→ Entries taken from a collection
----

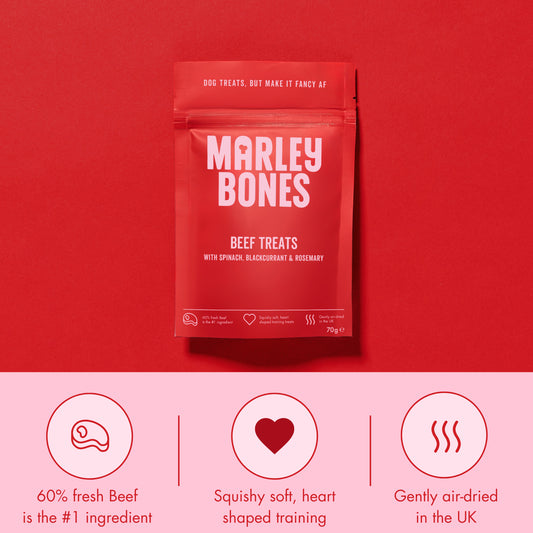 Marleybones Air-Dried Dog Treats Beef & Superfoods 70g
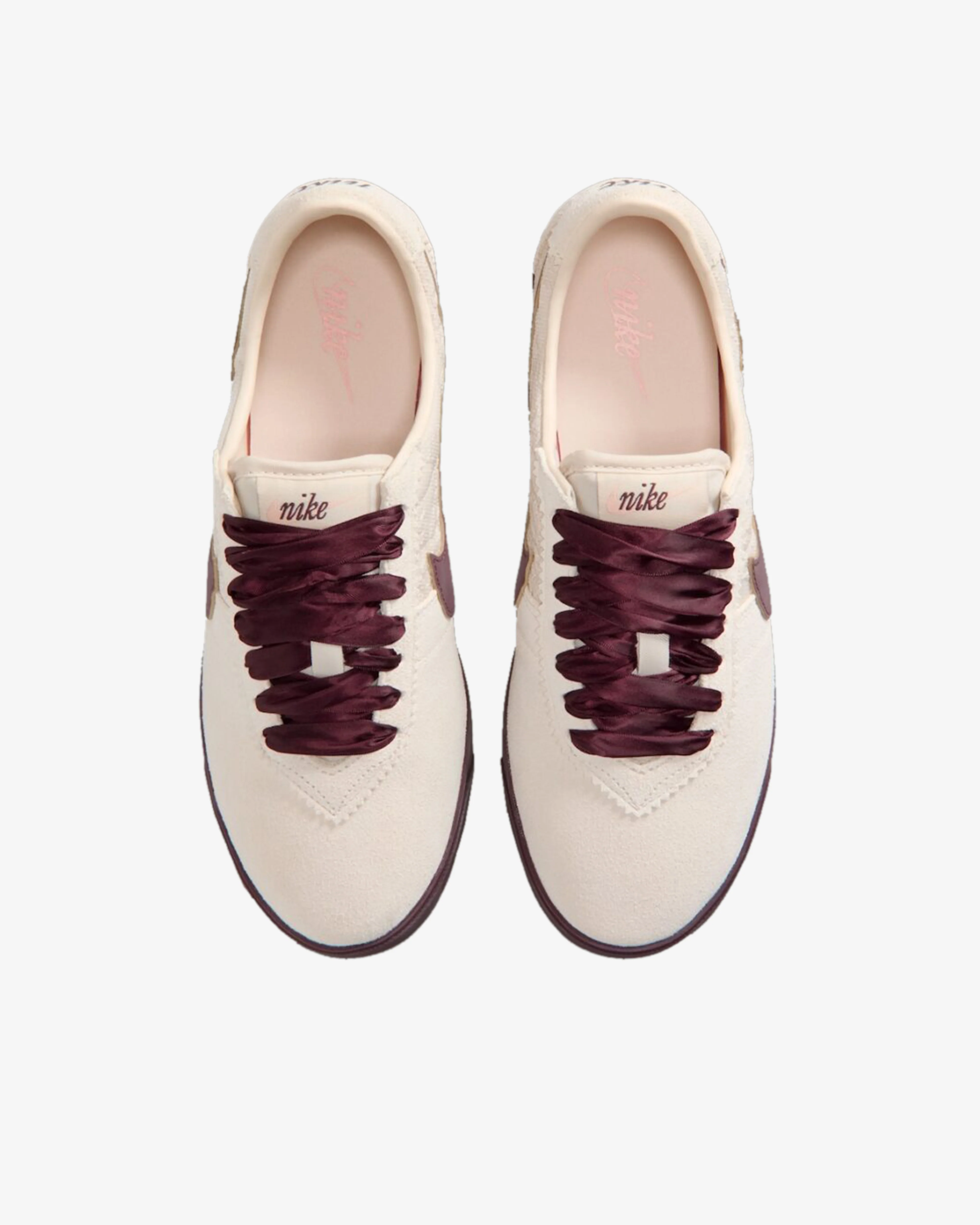 Nike - Women’s Astrograbber SE Sneakers - (Light Cream/Burgundy Crush) - Image 4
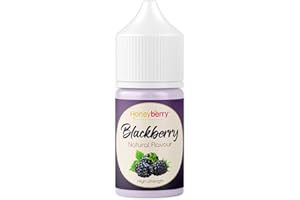 HONEYBERRY 30ml Natural Blackberry Food Flavouring Essence - Professional High Strength Edible Liquid Extract Drops - Highly Concentrated Versatile Flavour for Baking Cooking Drinks Cosmetics Soap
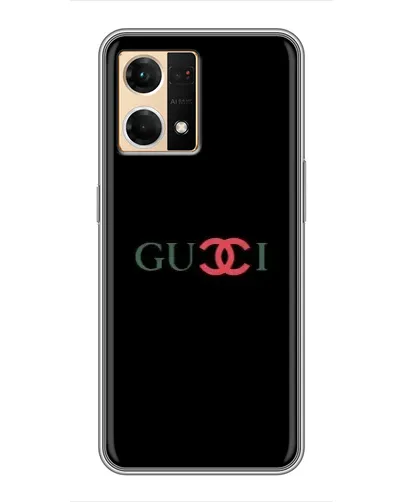Чехол для OPPO Reno7 4G с картинкой «Gucci — красный градиент» Чехол для OPPO Reno7 4G с картинкой «Gucci — красный градиент»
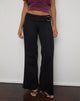 Image of Falitasa Trouser in Twil Black with Buckle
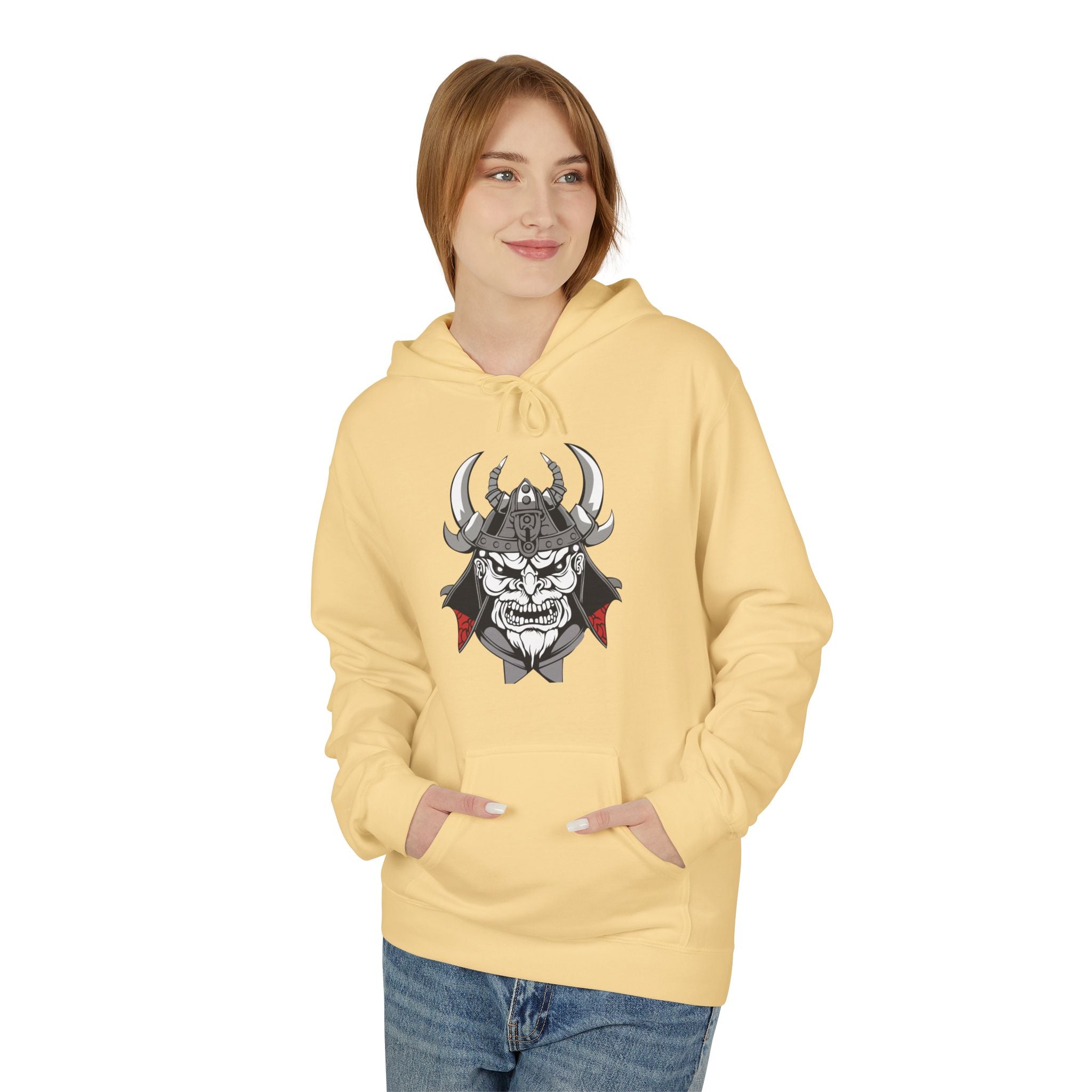 Buy Samurai Fleece Hoodie - Anime Inspired Streetwear for Fans Hoodie
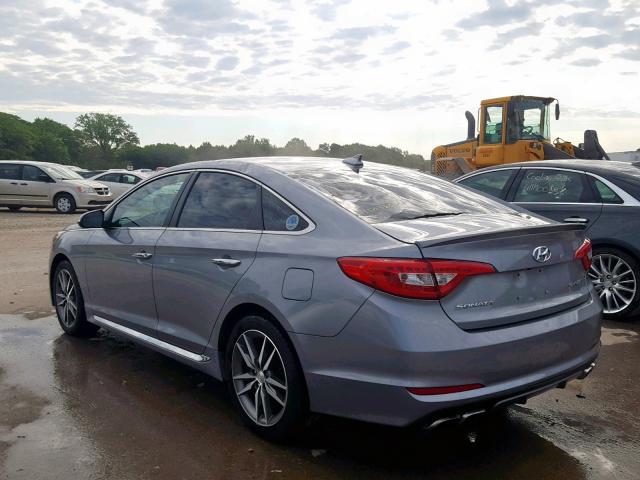 5NPE34AB3FH103039 - 2015 HYUNDAI SONATA SPO GRAY photo 3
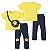 Conjunto Infantil Menina Little – Amarelo com Pintinho 2 Peças - Imagem 3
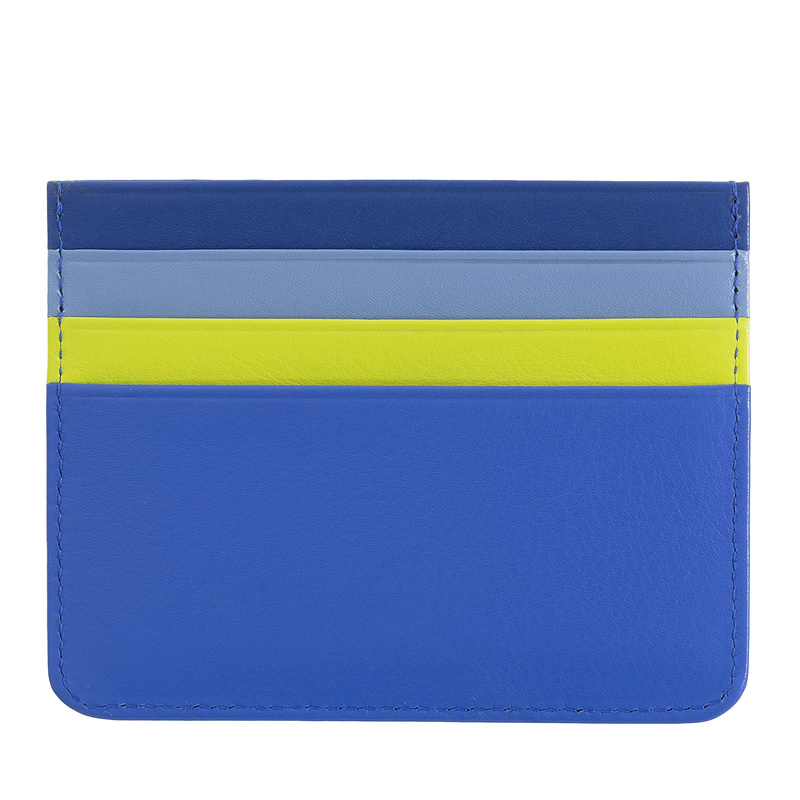 DUDU Etui na karty dokumenty skóra naturalna małe kontrastujące kolory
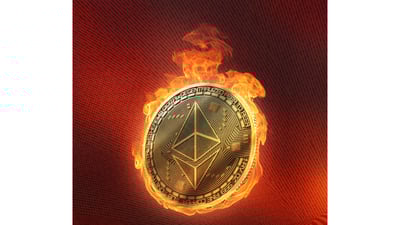 Ethereum.Burning.Shutterstock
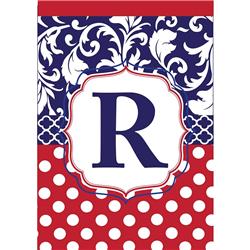 1054 Garden - Monogram 'R' Red, White & Blue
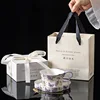 Purple-rose flower gift bag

----

→ Task item
From the first line to the last, copy the records exactly and skip the pictures.

→ Task response
 Marleybones Air-Dried Dog Treats Beef & Superfoods 70g
 Nike - Women’s Astrograbber SE Sneakers - (Light Cream/Burgundy Crush) - Image 4
 HONEYBERRY 30ml Natural Blackberry Food Flavouring Essence - Professional High Strength Edible Liquid Extract Drops - Highly Concentrated Versatile Flavour for Baking Cooking Drinks Cosmetics Soap
Чехол для OPPO Reno7 4G с картинкой «Gucci — красный градиент» Чехол для OPPO Reno7 4G с картинкой «Gucci — красный градиент»
 Image of Falitasa Trouser in Twil Black with Buckle
 Buy Samurai Fleece Hoodie - Anime Inspired Streetwear for Fans Hoodie
 5NPE34AB3FH103039 - 2015 HYUNDAI SONATA SPO GRAY photo 3
 Conjunto Infantil Menina Little – Amarelo com Pintinho 2 Peças - Imagem 3
 DUDU Etui na karty dokumenty skóra naturalna małe kontrastujące kolory
 Ethereum.Burning.Shutterstock
 1054 Garden - Monogram 'R' Red, White & Blue
 Purple-rose flower gift bag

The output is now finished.